Cable executives similarly took credit for the huge premium Time Warner got in the deal, saying that the price tag reaffirmed their networks as the preferred pathway into the home for Internet, phone and television services.

In trading Monday on the New York Stock Exchange, AOL fell $1.13 to $72.63, including a slight rebound in after-hours trading that increased the value of the deal to $170 billion from the close of regular trading. Time Warner, whose shareholders will receive a nominal 71% premium for their shares over Friday’s price, soared $27.50 to $92.25, including after-hours trading activity. Other entertainment and cable stocks also rose sharply.

Case and Levin said they foresaw no regulatory difficulties.

The deal is contingent on the approval of shareholders of both companies. Both boards approved the deal unanimously, the companies said--and Time Warner highlighted the endorsement of its vice-chairman, the mercurial Ted Turner. The 61-year-old Turner compared his glee at signing the papers Sunday night to vote his 9% stake in favor of the merger to “the first time I made love 42 years ago.”

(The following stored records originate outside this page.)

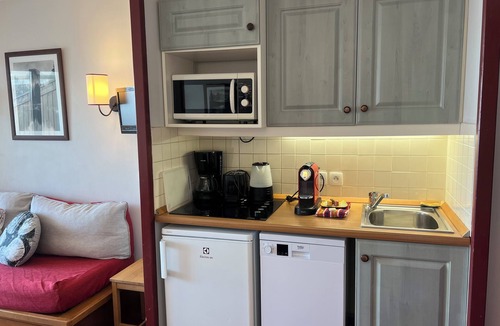 Isola Apartment | Apartment with all comforts, ski slope 3 minutes away, view and terrace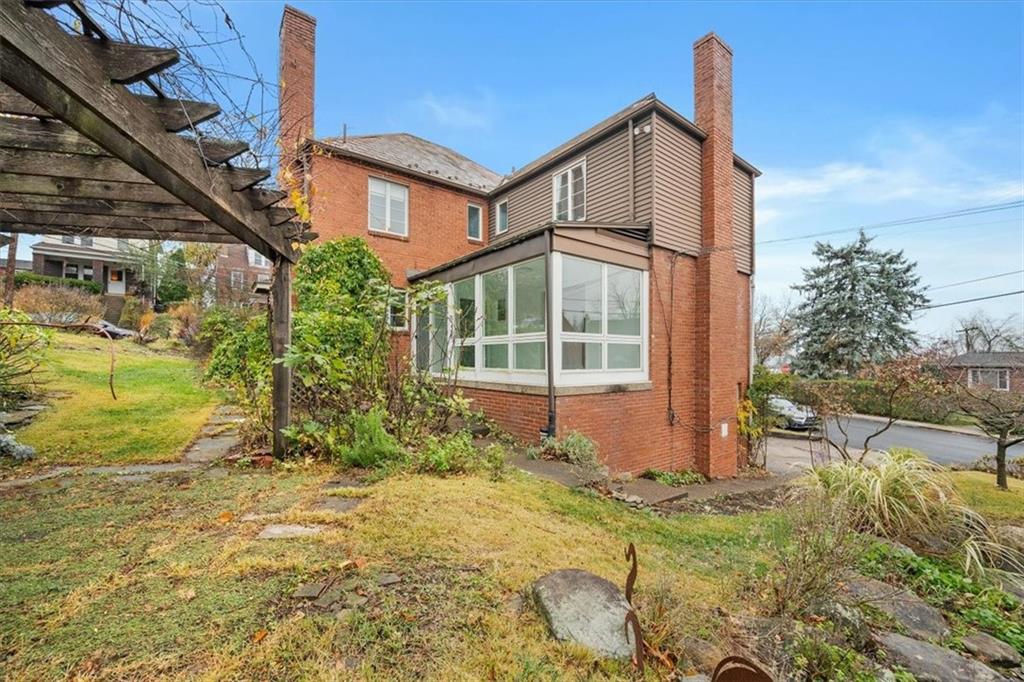 2800 Fernwald Road Pittsburgh, PA 15217 - Photo 33 of 37 a house view with a garden space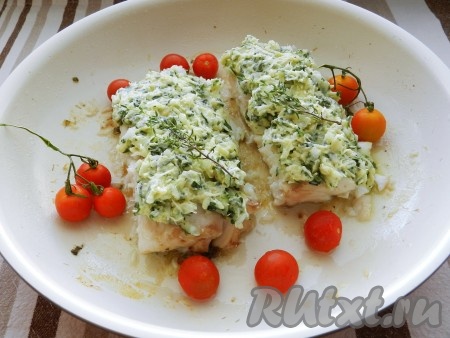 Филе трески вымыть, обсушить бумажным полотенцем. Посолить, поперчить, выложить на сковороду с разогретым маслом, обжарить с обеих сторон по 2 минуты. Поверх филе выложить приготовленную масляную смесь. Добавить в сковороду несколько помидоров черри.
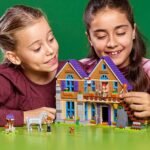 LEGO Friends Mia's House 41369 Building Kit with Mini Doll Friends Figures and Toy Horse (715 Pieces) - Image 6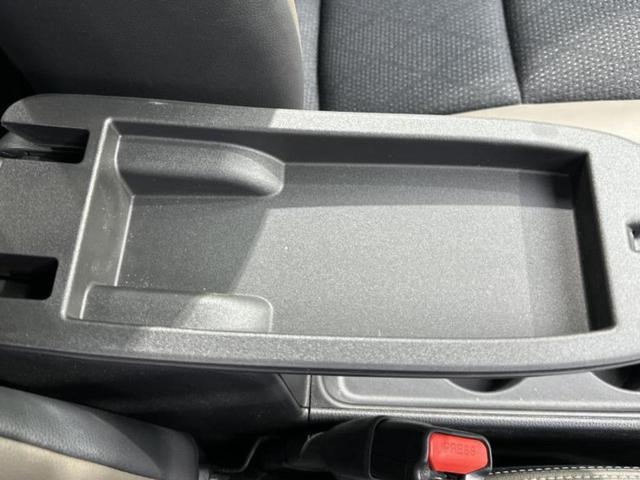 ヤリスクロス ハイブリッドＺ　保証書／ディスプレイオーディオ＋ナビ８インチ／トヨタセーフティセンス／シートヒーター　前席／パノラミックビューモニター／車線逸脱防止支援システム／シート　ハーフレザー／ヘッドランプ　ＬＥＤ　禁煙車（31枚目）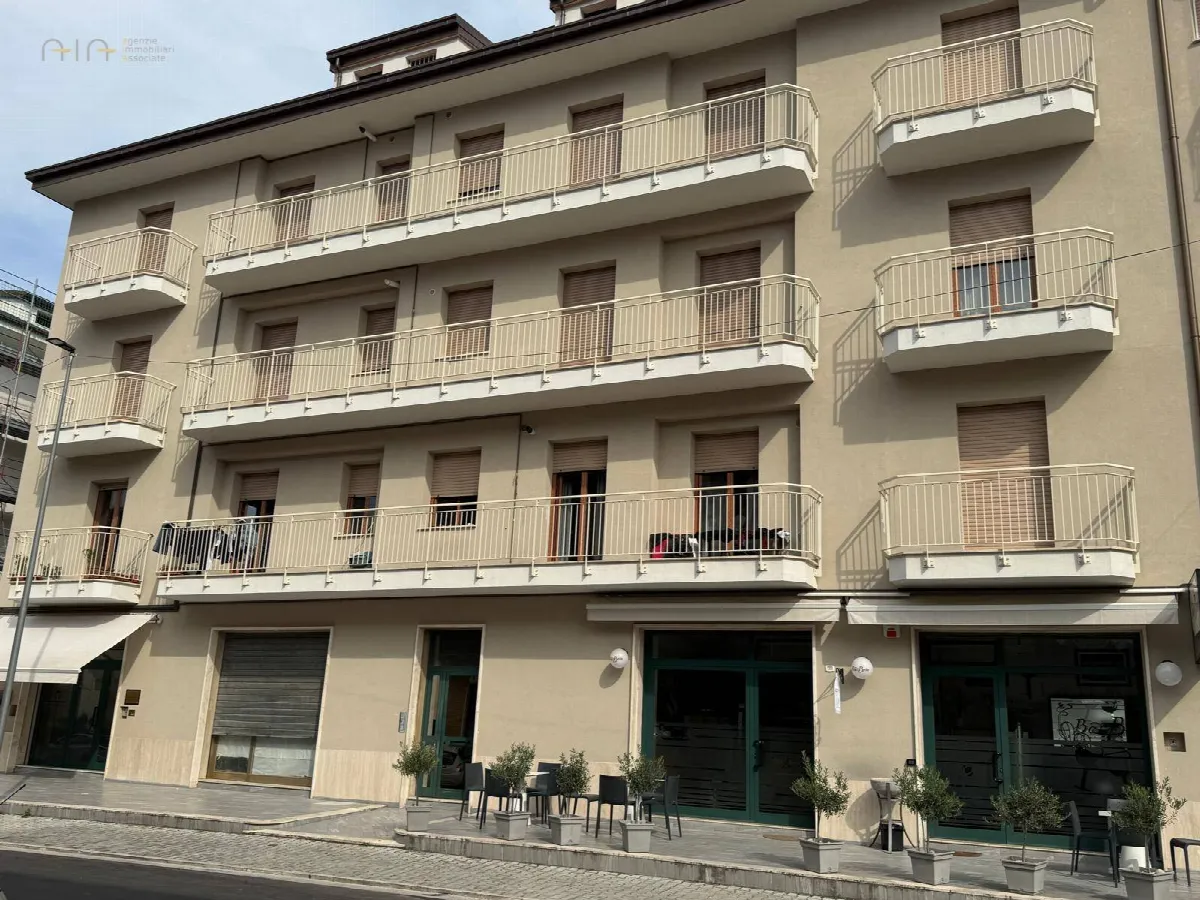 Appartamento in vendita a Comunanza, Centrale / Centro Storico - foto 2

It is unclear, however, how Time Warner’s influential institutional shareholders will vote their positions. In particular, sources say Gordon Crawford, the powerful Los Angeles-based money manager who oversees the nearly 10% equity position in Time Warner held by Capital Research & Management Co., was unwilling to back an earlier proposal by AOL that valued Time Warner less generously because he was uncomfortable with AOL’s inflated trading levels.

One source close to Crawford said the huge run up in AOL’s shares since the fall allowed the Internet company to sweeten the premium, making the current offer hard to reject.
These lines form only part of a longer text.